「お前、なんか知らねえけど、いつもいい匂いさせやがって、俺を誘ってるんだろ?おれがさみしい独身だって知っててよ?」


「……」


この人、頭おかしい……


身の危険を感じて私は立ち上がった。


逃げなくちゃ…

「あ、あのすみません、私、今日は帰ります!」


バッグを肩に掛け、くるりと身を翻した時。


「おい!待ちやがれ!」


すっと前に回り込まれて、私は馬場友と向かい合うような格好になった。

ギラギラと異様に目を光らせ、馬場友は肉食獣が獲物を捉えたみたいに私をジリジリと部屋の奥へ追い詰めた。


「お前よお、俺が何も感じてねえと思ってたか?
お前見てるとムラムラしちまうんだよ!

今日だって、ネグリジェみたいな服着やがって、背中のブラジャーの紐、スケスケ丸分かりじゃねえか!

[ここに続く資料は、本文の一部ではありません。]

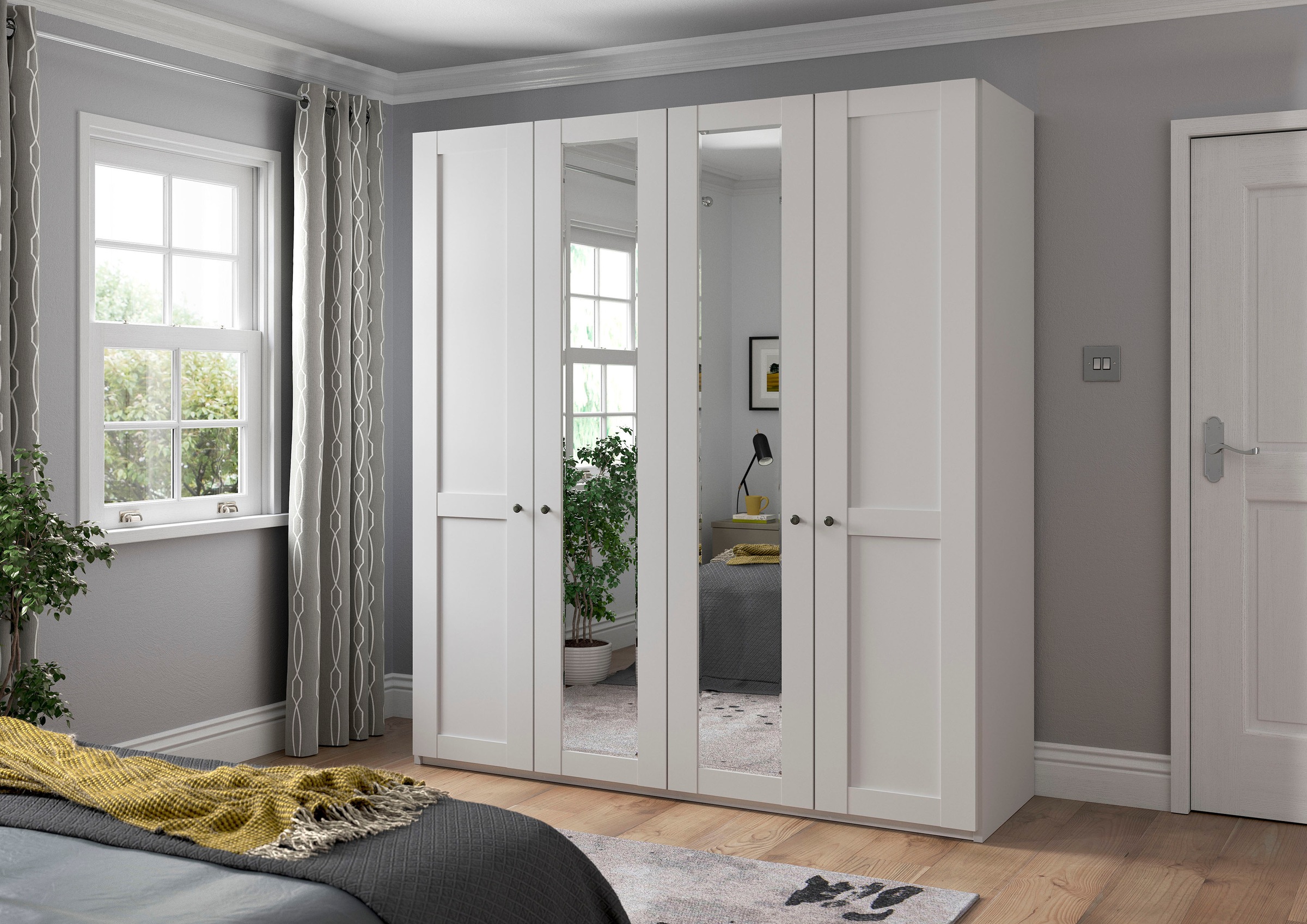 WIEMANN Drehtürenschrank »Göteborg, mit 95° Öffnungswinkel, Made in Germany«, inkl. Spiegel und Türendämpfung, moderner Landhausstil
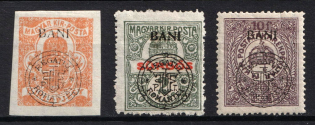 1919 New Romania, Romanian Occupation, Provisional Issue (Mi. 19 I - 21 I)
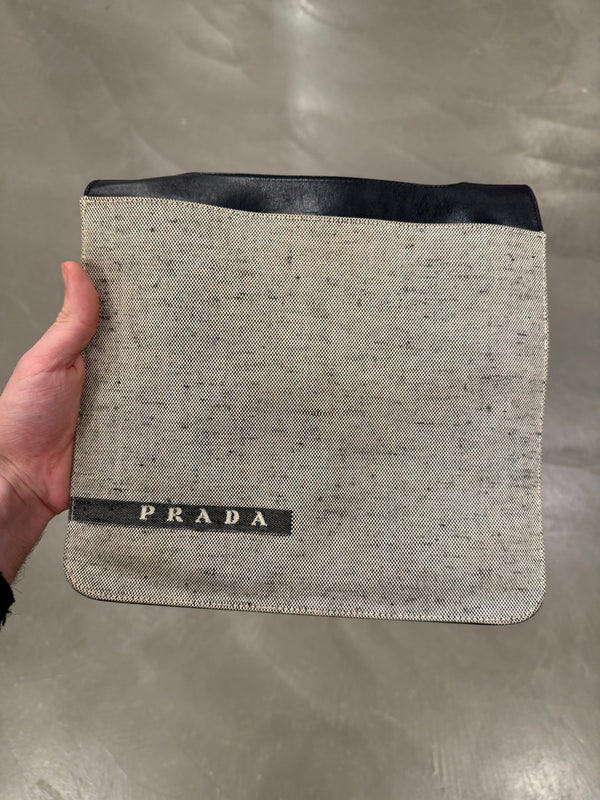 A/W1999 Prada leather and wool shoulder bag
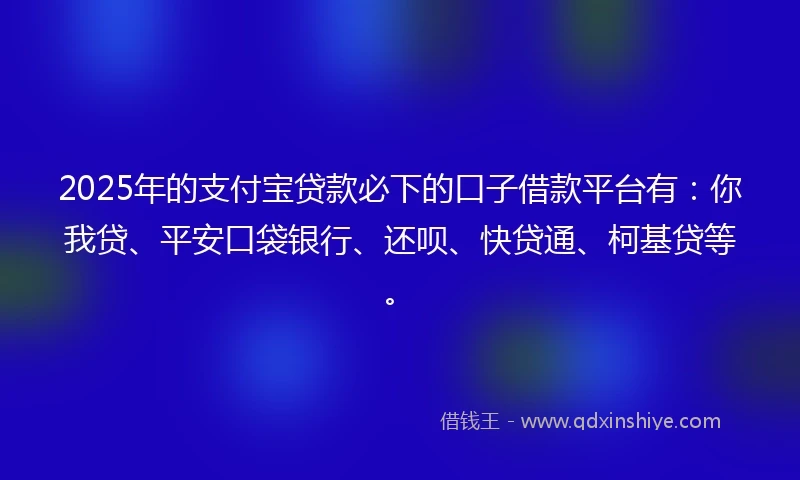 2025年的支付宝贷款必下的口子借款平台有：你我贷、平安口袋银行、还呗、快贷通、柯基贷等。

俺はな、48年間、風俗だけで我慢してきたんだぞ?お預けされて俺がどんだけ辛いかわかんねえだろ?

もう我慢出来ねえ!会社なんぞ、クビになっても構わん!」


「あ……」


後ずさりしているうちに、どん、と私の背中に硬いものに触れた。
壁だ。もうこれ以上逃げられない。